I don't understand why my User Pool will not Authenticate a method in my API.
I've started with the simple petstore example, and added an Authorizer for my user pool. The test button shows that the JWT I have is working. I applied that Authorizer to the POST method on /pets, added Authorization as a request header.
When POST to /pets with postman (or curl), passing the Authorization: Bearer <token> header I always get the response {"message":"Unauthorized"}
I've messed around with creating an Identity pool linked to the User pool, with an Authenticated role that has a policy allowing access to the API Gateway. I've created a group in the User Pool to assign this group.
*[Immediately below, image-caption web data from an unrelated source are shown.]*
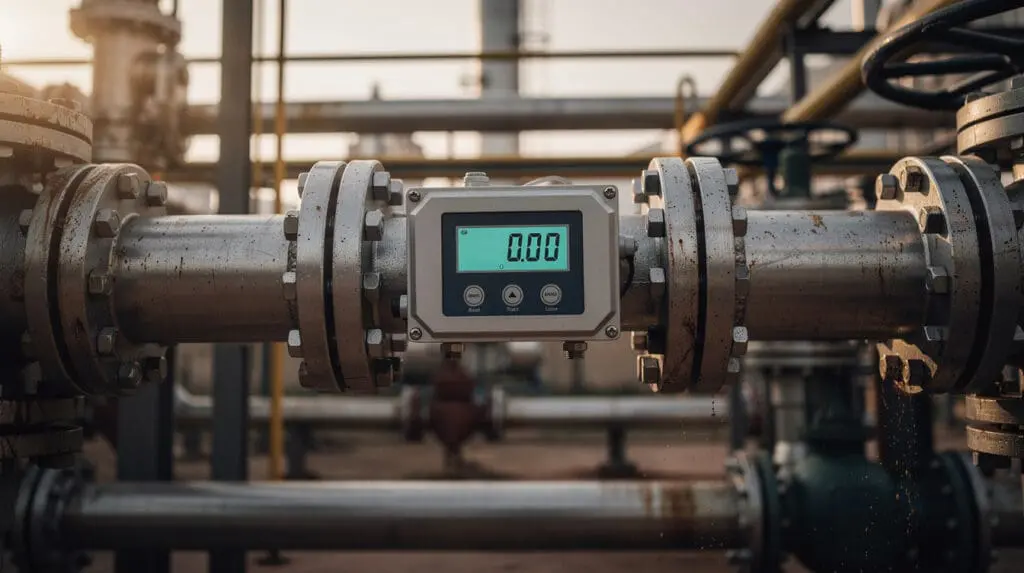 OIML R117 compliant oil flow meter installed in an industrial facility
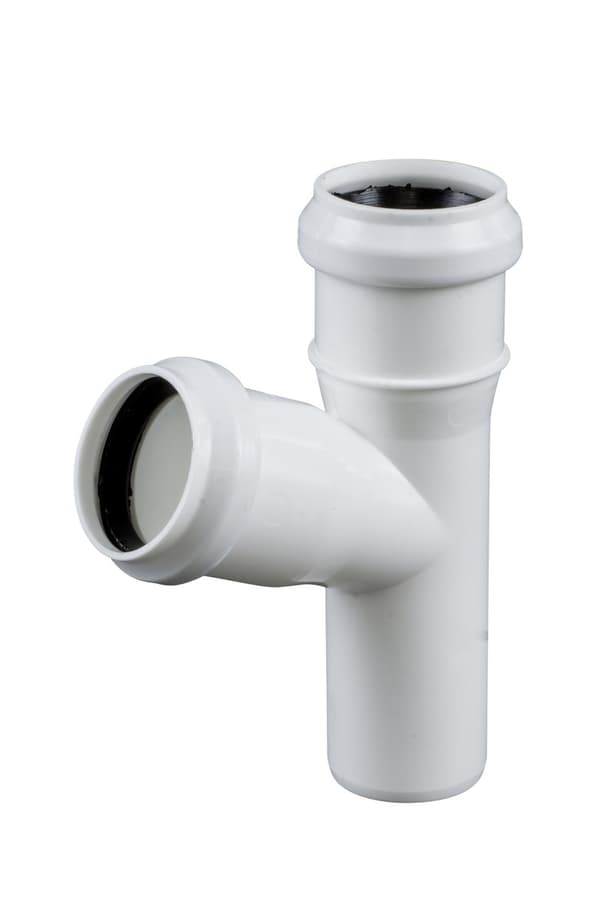 PP-HT 32x32/67 sanitært T-stykke, til internt spildevand, hvid,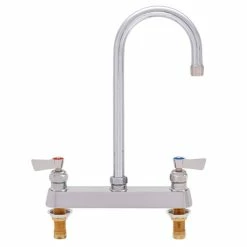 Fisher 1848 Deck Mounted Faucet With 8" Centers, 3 1/2" Rigid Gooseneck Nozzle, 2.2 GPM Aerator, And Lever Handles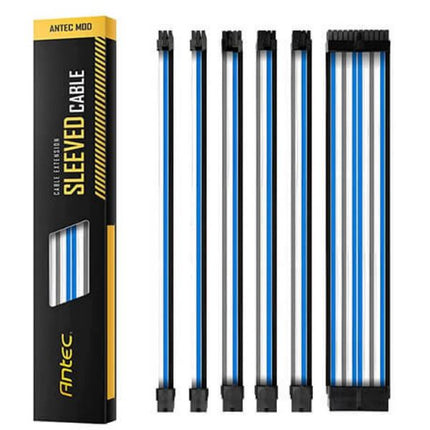 Antec PSU -  Sleeved Extension Cable Kit V2 - Blue / White / Black . 24PIN ATX, 4+4 EPS, 8PIN PCI-E, 6PIN PCI-E, Compatible with Standard PSU (LS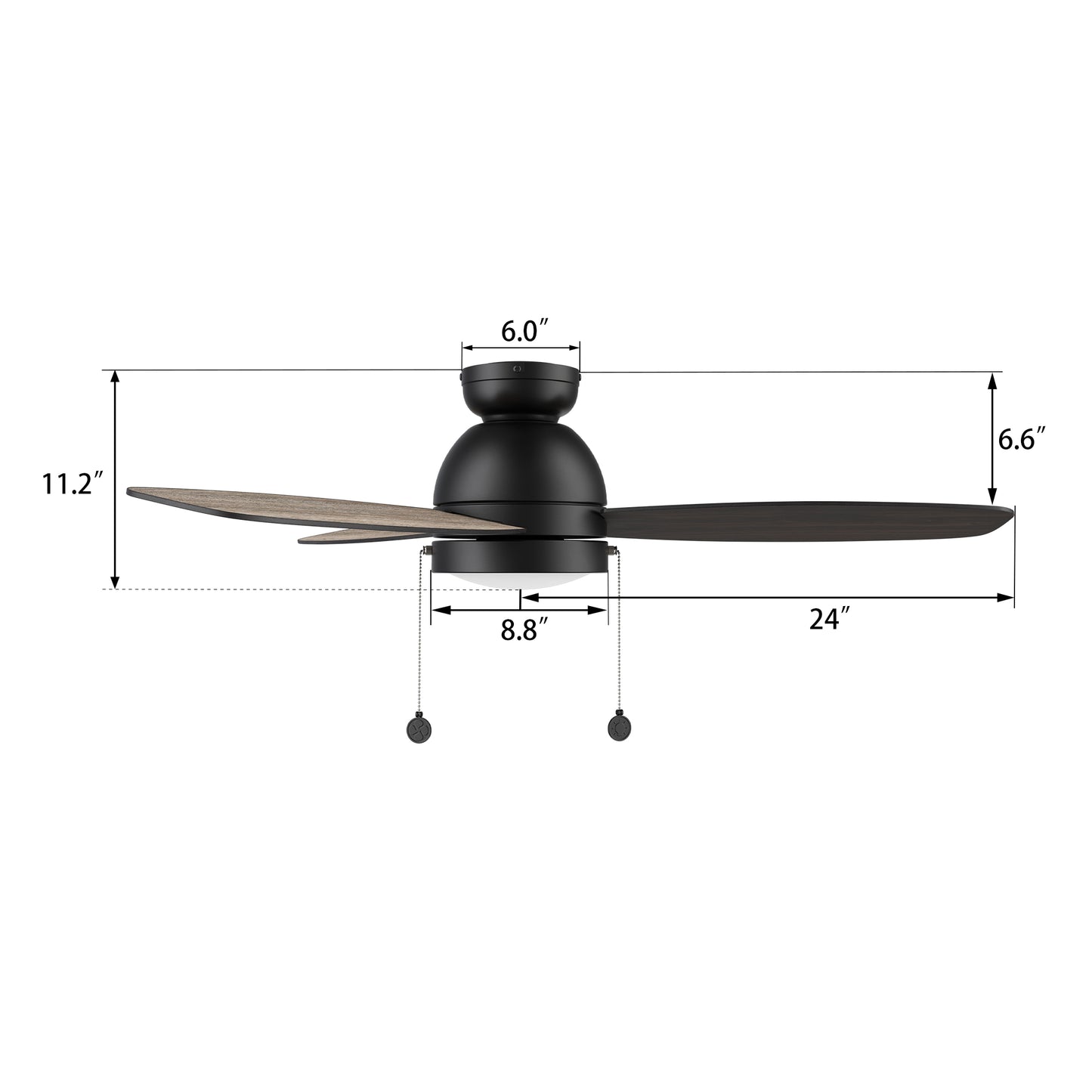 GREENWOOD 48 inch 3-Blade Flush Mount Ceiling Fan with Pull Chain - Black/Walnut & Barnwood Reversible Blades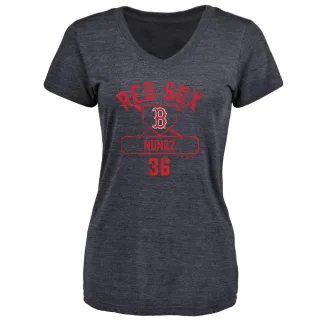 Eduardo Nunez Women's Boston Red Sox Base Runner Tri-Blend T-Shirt - Navy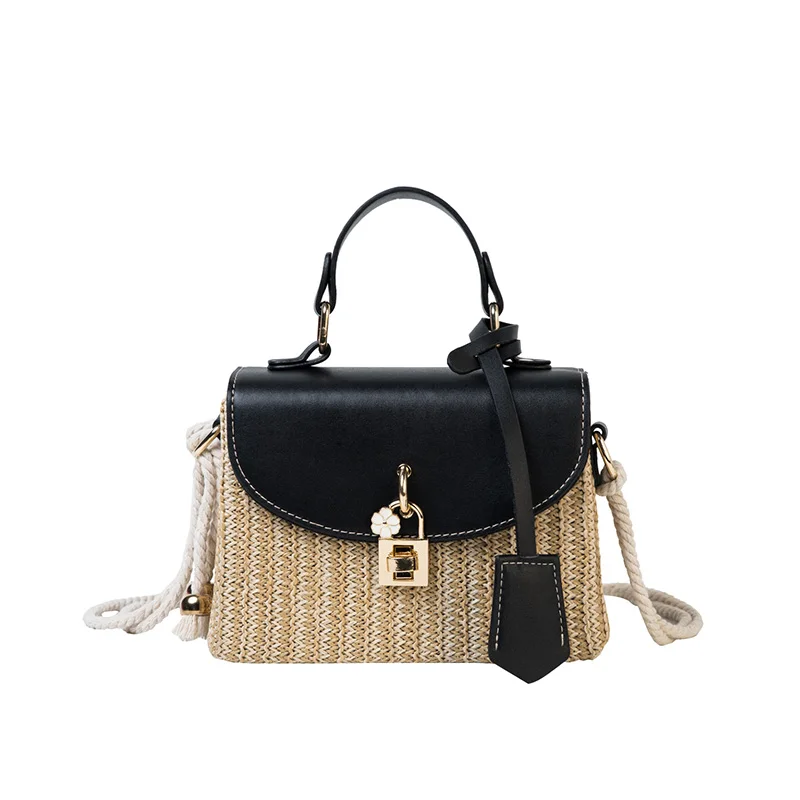 

2020 new crossbody bags grass woven box cheap travel beach woman bags handbag causal fashion college messenger bags, Brown, yellow, black, white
There's got to be some piece I'm missing. All I want to to allow access to the POST method to any user that presents a valid ID JWT from Cognito.
The policy:
{
"Version": "2012-10-17",
"Statement": [
{
"Effect": "Allow",
"Action": [
"execute-api:Invoke"
],
"Resource": "arn:aws:execute-api:us-east-1:*:XXX/*/POST/*"
}
]
}
Which works fine in the simulator. I'm not 100% sure the policy should even be in play though. I'm not clear on how the provided User Pool authenticator would acquire the policy, it wasn't in any docs I saw. I just started throwing darts at the wall.
Would just like to hear that anyone has secured an API Gateway endpoint with a Userpool.